Print what the records say exactly, and omit the pictures.
BEGIN Given entries
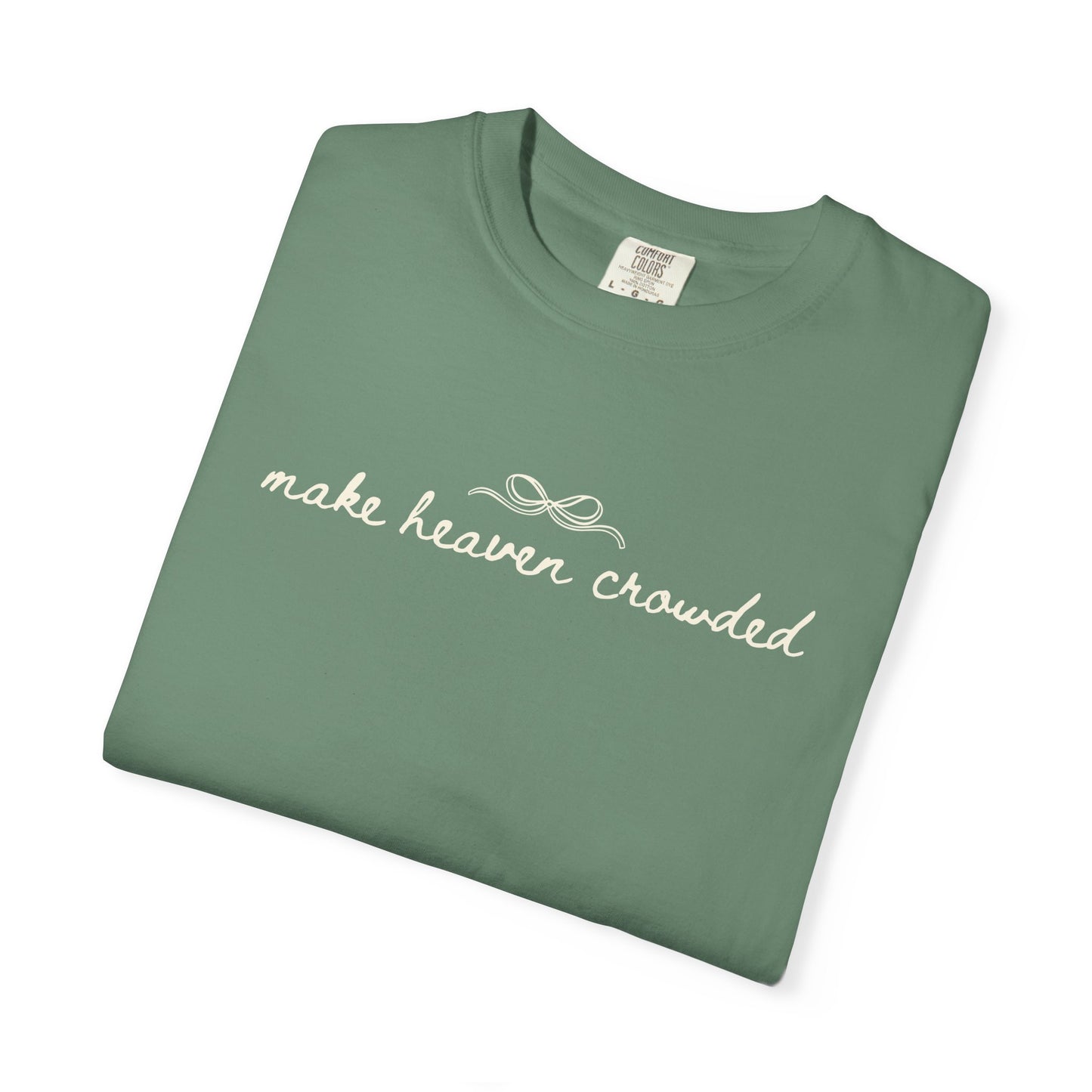 Comfort Colors® Make Heaven Crowded Shirt - Coquette Christian Faith Tee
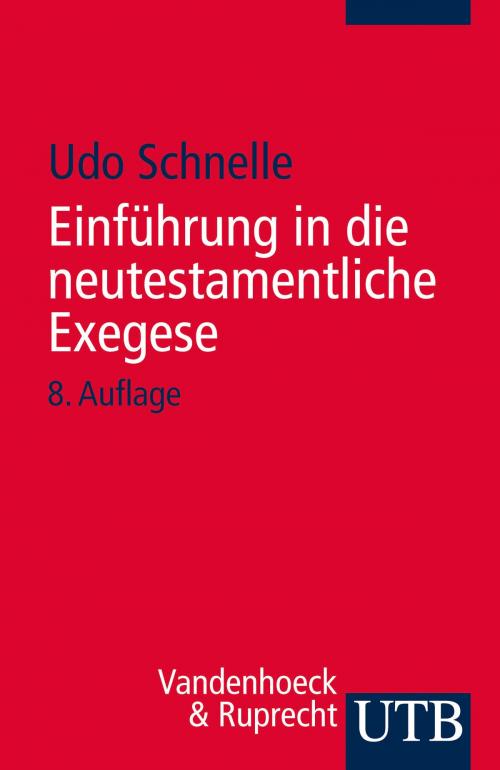Cover of the book Einführung in die neutestamentliche Exegese by Udo Schnelle, UTB / Vandenhoeck & Ruprecht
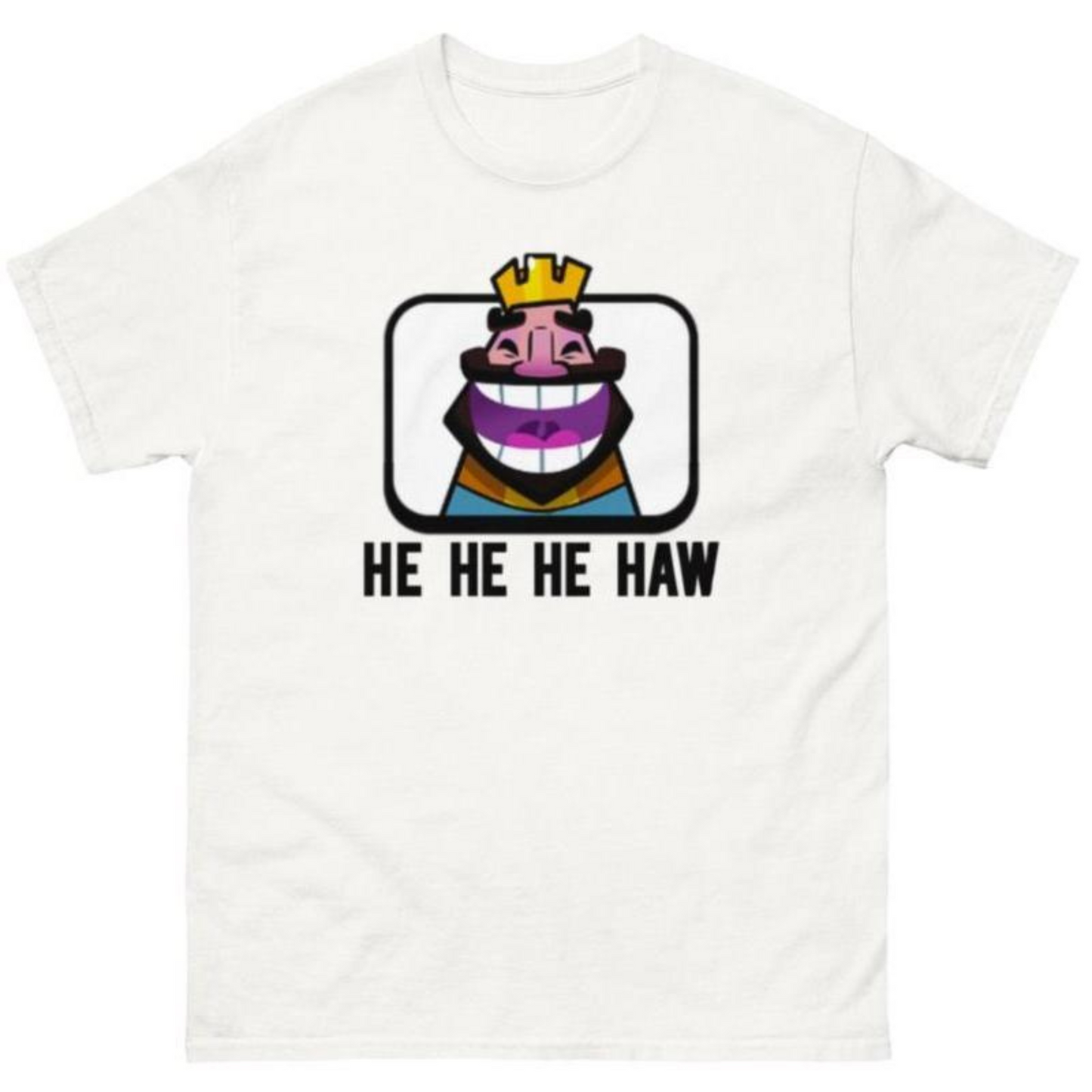 Clash Royale "He He He Haw" T-Shirt - Funny King Laugh Emote Tee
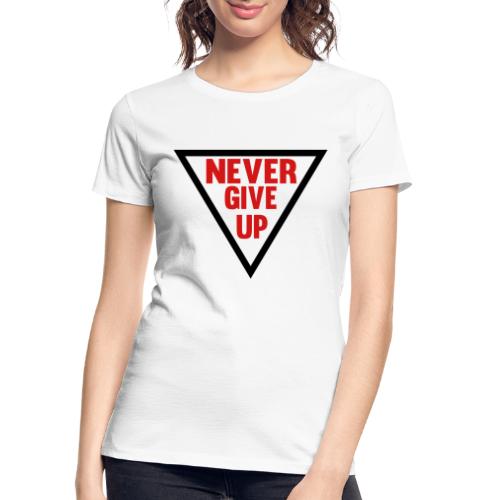 Never Give Up - Women's Premium Organic T-Shirt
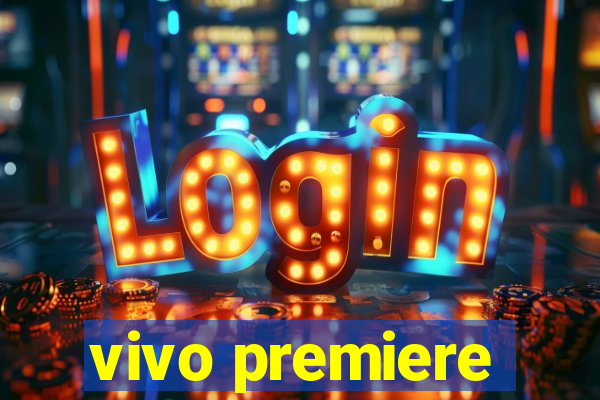 vivo premiere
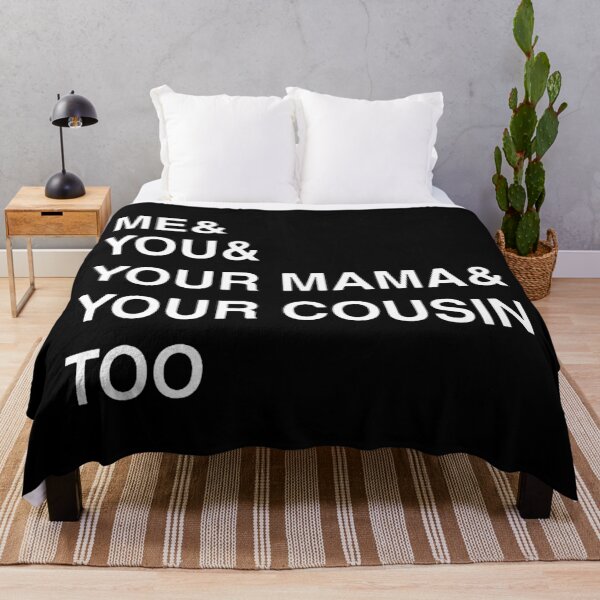 Item preview, ME YOU YOUR MAMA TOO designed and sold by clarkshawn.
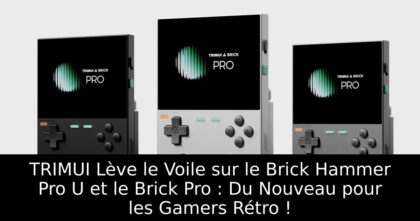 TRIMUI Lève le Voile sur le Brick Hammer Pro U et le Brick Pro : Du Nouveau pour les Gamers Rétro !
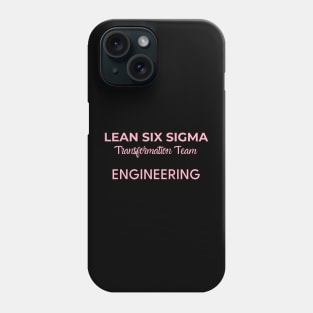 Lean Transformation Team Engineering Phone Case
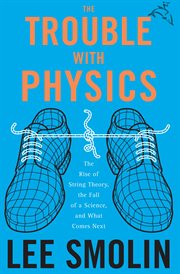 The trouble with physics : the rise of string theory, the fall of a science, and what comes next cover image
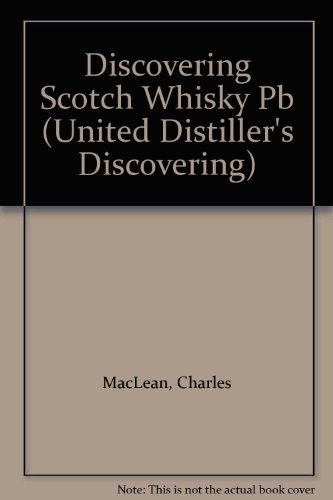 Discovering scotch whisky - scotch,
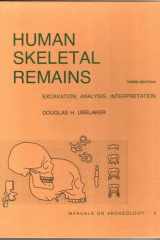 Human skeletal remains: excavation, analysis, interpretation cover image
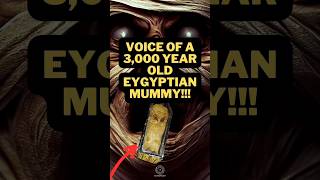 Real Voice of a Egyptian Mummy [upl. by Yornek]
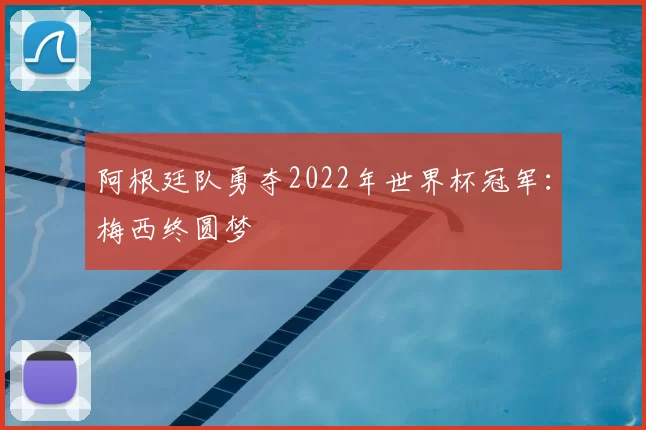 阿根廷队勇夺2022年世界杯冠军：梅西终圆梦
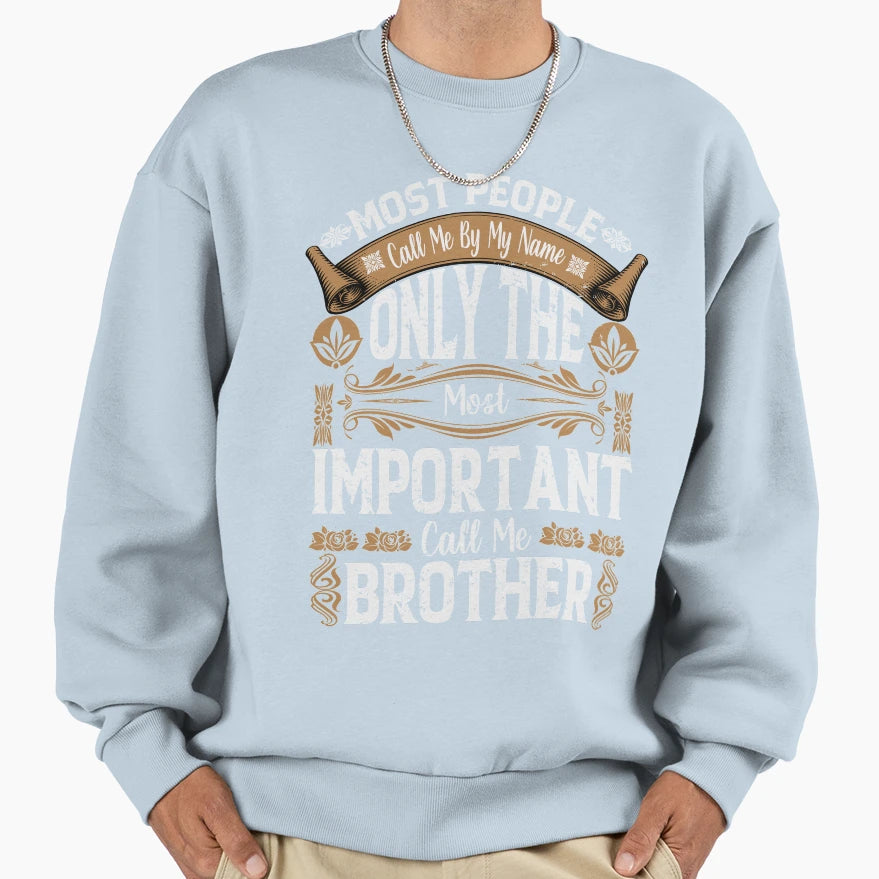 Most People Call Me Sweatshirt - Minimalist Print Unisex - T-Shirt, Sweatshirt, Hoodie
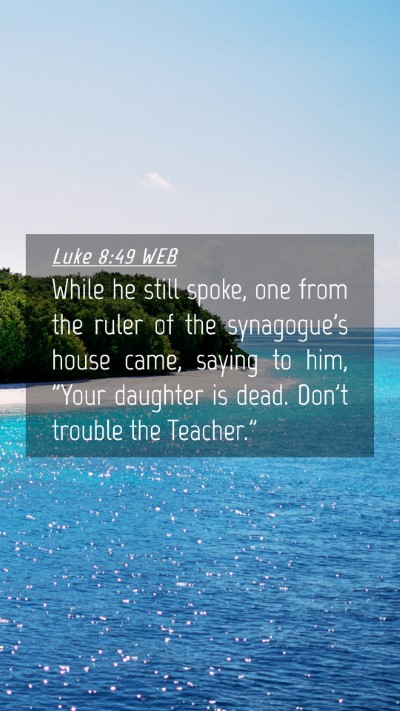 Picture 04 - Luke 8:49 WEB Mobile Phone Wallpaper - While he still spoke, one from the ruler of the - Mobile Bible Verse Wallpaper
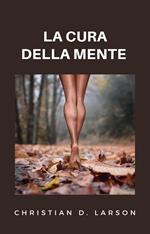 La cura della mente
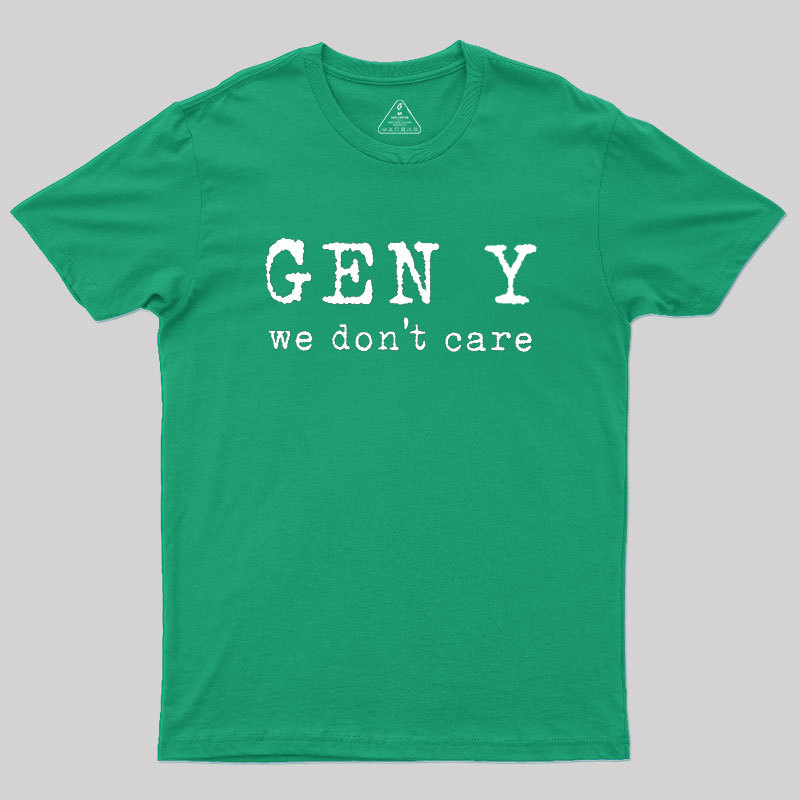 Gen Y: We Don't Care Geek T-Shirt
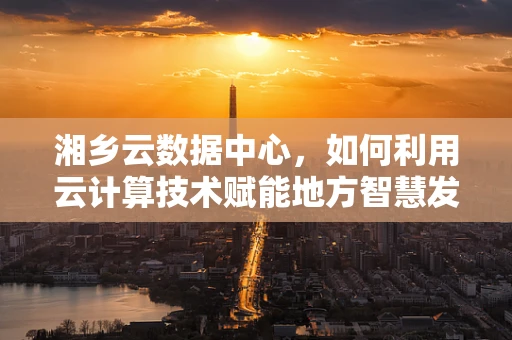 湘乡云数据中心，如何利用云计算技术赋能地方智慧发展？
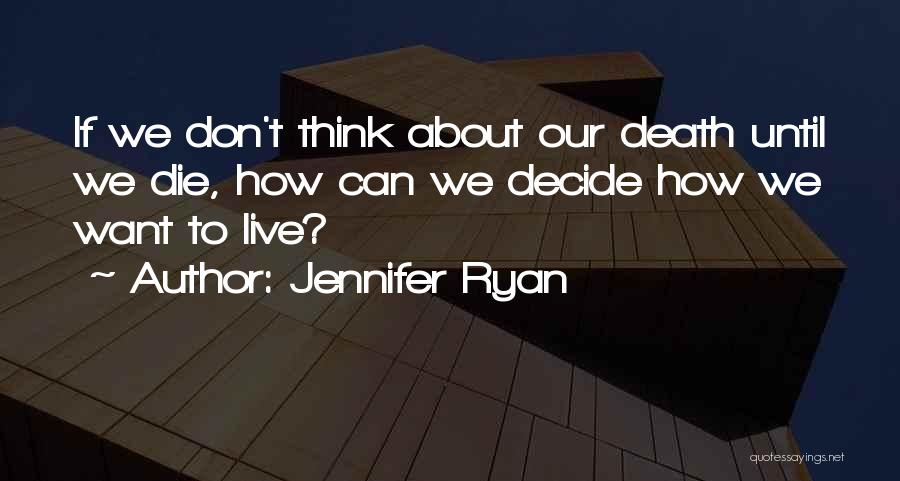 Jennifer Ryan Quotes: If We Don't Think About Our Death Until We Die, How Can We Decide How We Want To Live?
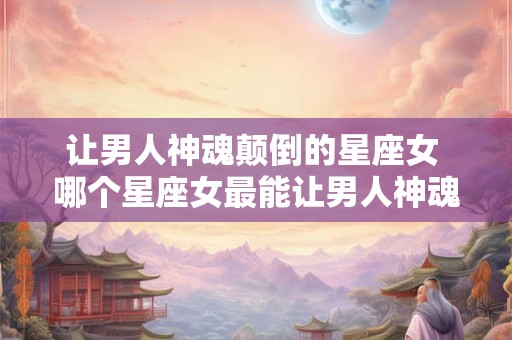 让男人神魂颠倒的星座女 哪个星座女最能让男人神魂颠倒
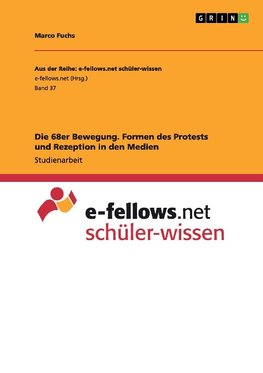 Die 68er Bewegung. Formen des Protests und Rezeption in den Medien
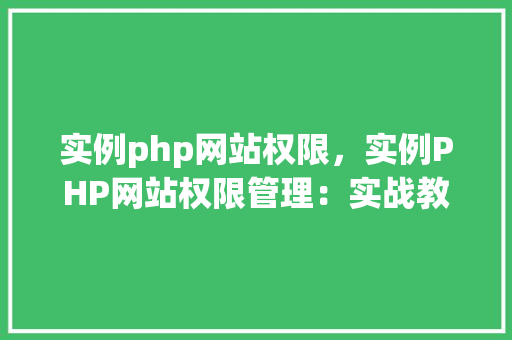 实例php网站权限，实例PHP网站权限管理：实战教程与代码示例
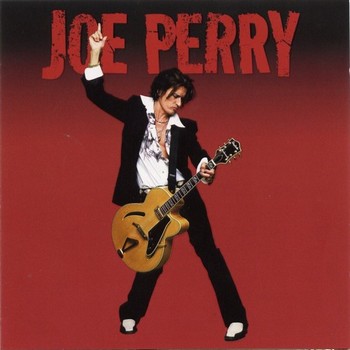 Joe Perry - Joe Perry (2005)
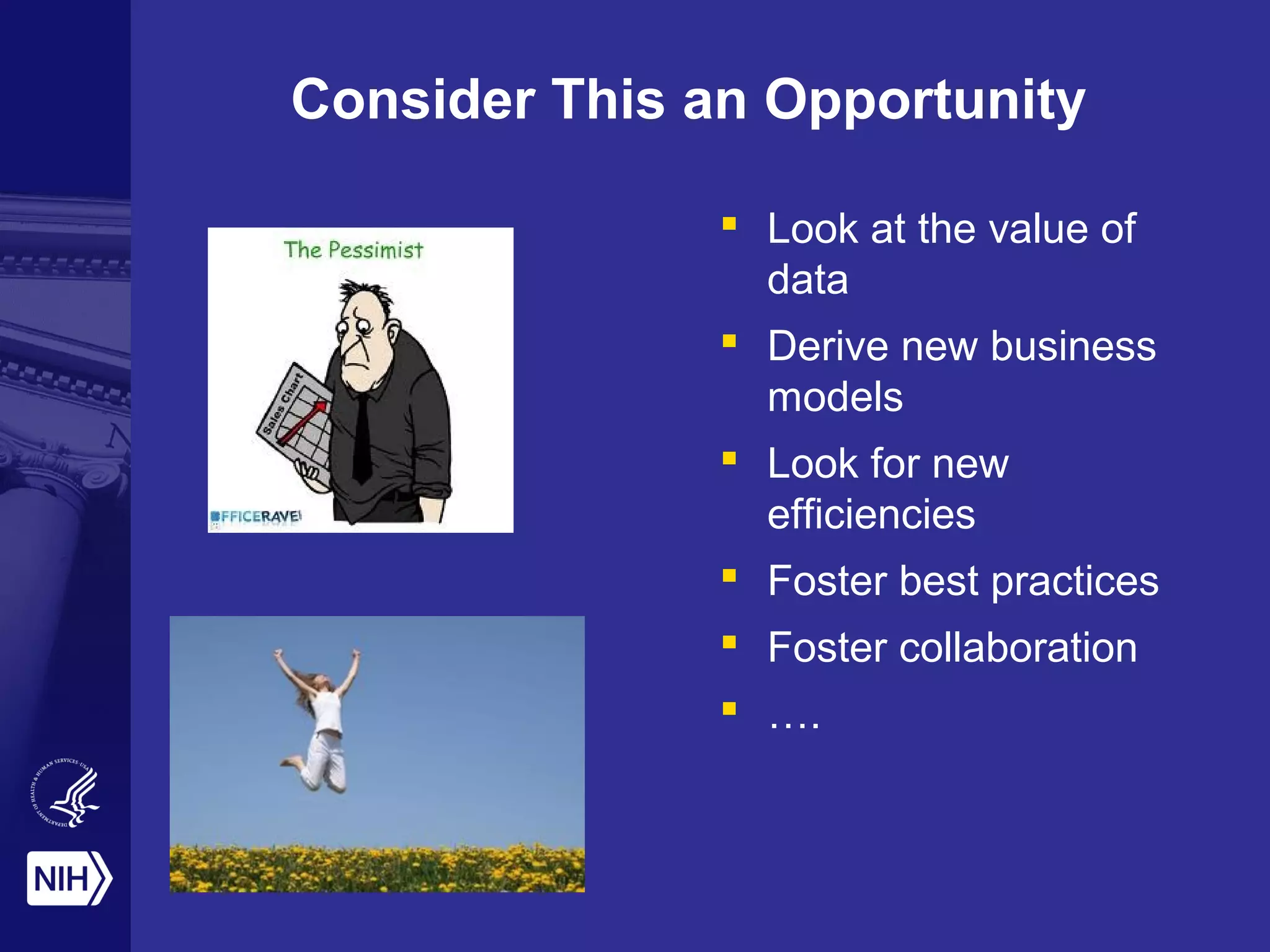 Consider This an Opportunity
 Look at the value of
data
 Derive new business
models
 Look for new
efficiencies
 Foster best practices
 Foster collaboration
 ….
END Given entries
_Worked solution_:
 Comfort Colors® Make Heaven Crowded Shirt - Coquette Christian Faith Tee
Cover of the book Einführung in die neutestamentliche Exegese by Udo Schnelle, UTB / Vandenhoeck & Ruprecht
 Clash Royale "He He He Haw" T-Shirt - Funny King Laugh Emote Tee
 Never Give Up - Women's Premium Organic T-Shirt
 vivo premiere
 Item preview, ME YOU YOUR MAMA TOO designed and sold by clarkshawn.
 TRIMUI Lève le Voile sur le Brick Hammer Pro U et le Brick Pro : Du Nouveau pour les Gamers Rétro !
 Lean Transformation Team Engineering Phone Case
 The trouble with physics : the rise of string theory, the fall of a science, and what comes next cover image
 Discovering scotch whisky - scotch,
 Human skeletal remains: excavation, analysis, interpretation cover image
 Real Voice of a Egyptian Mummy [upl. by Yornek]
 阿根廷队勇夺2022年世界杯冠军：梅西终圆梦
 Most People Call Me Sweatshirt - Minimalist Print Unisex - T-Shirt, Sweatshirt, Hoodie
 Picture 04 - Luke 8:49 WEB Mobile Phone Wallpaper - While he still spoke, one from the ruler of the - Mobile Bible Verse Wallpaper
 La cura della mente
 Gen Y: We Don't Care Geek T-Shirt
 湘乡云数据中心，如何利用云计算技术赋能地方智慧发展？
 Jennifer Ryan Quotes: If We Don't Think About Our Death Until We Die, How Can We Decide How We Want To Live?
 让男人神魂颠倒的星座女 哪个星座女最能让男人神魂颠倒
 Die 68er Bewegung. Formen des Protests und Rezeption in den Medien
 实例php网站权限，实例PHP网站权限管理：实战教程与代码示例
 Joe Perry - Joe Perry (2005)
 Consider This an Opportunity
 Look at the value of
data
 Derive new business
models
 Look for new
efficiencies
 Foster best practices
 Foster collaboration
 ….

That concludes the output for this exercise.